══ SUPPLIED INFORMATION

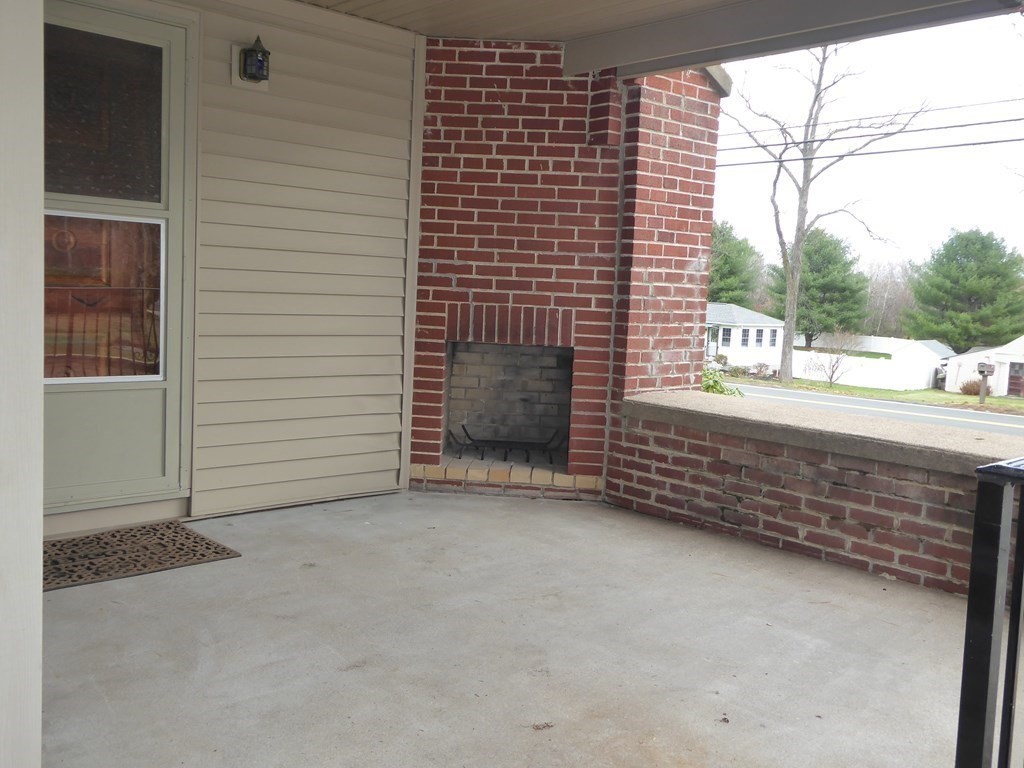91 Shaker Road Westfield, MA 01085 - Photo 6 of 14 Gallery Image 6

════
══ SUPPLIED INFORMATION

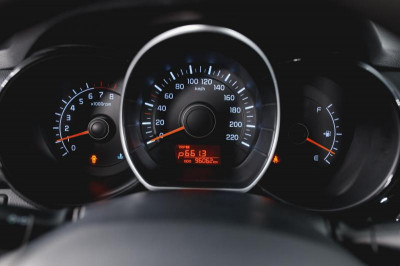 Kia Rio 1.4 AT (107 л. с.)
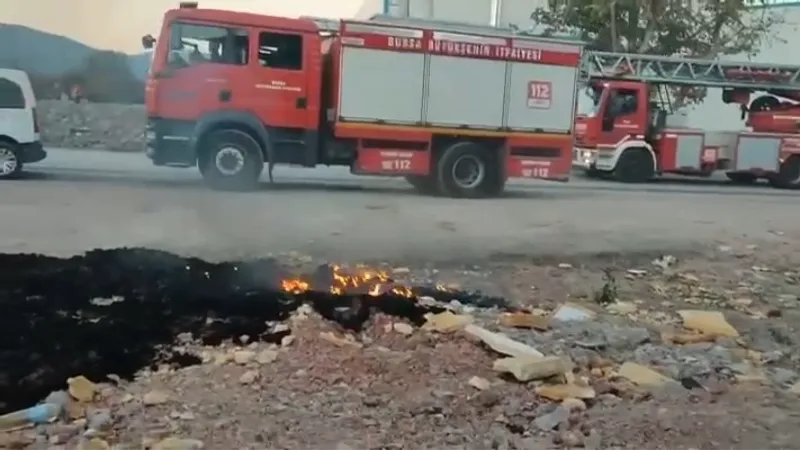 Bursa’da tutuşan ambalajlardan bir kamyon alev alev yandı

════

> TASK DESCRIPTION
In the listing above, find the line containing "Kia Rio 1.4 AT (107 л. с.)" and the line containing "Bursa’da tutuşan ambalajlardan", then return both of them and every line between, exactly, without pictures.

> ANSWER SPACE
 Kia Rio 1.4 AT (107 л. с.)
 Bursa’da tutuşan ambalajlardan bir kamyon alev alev yandı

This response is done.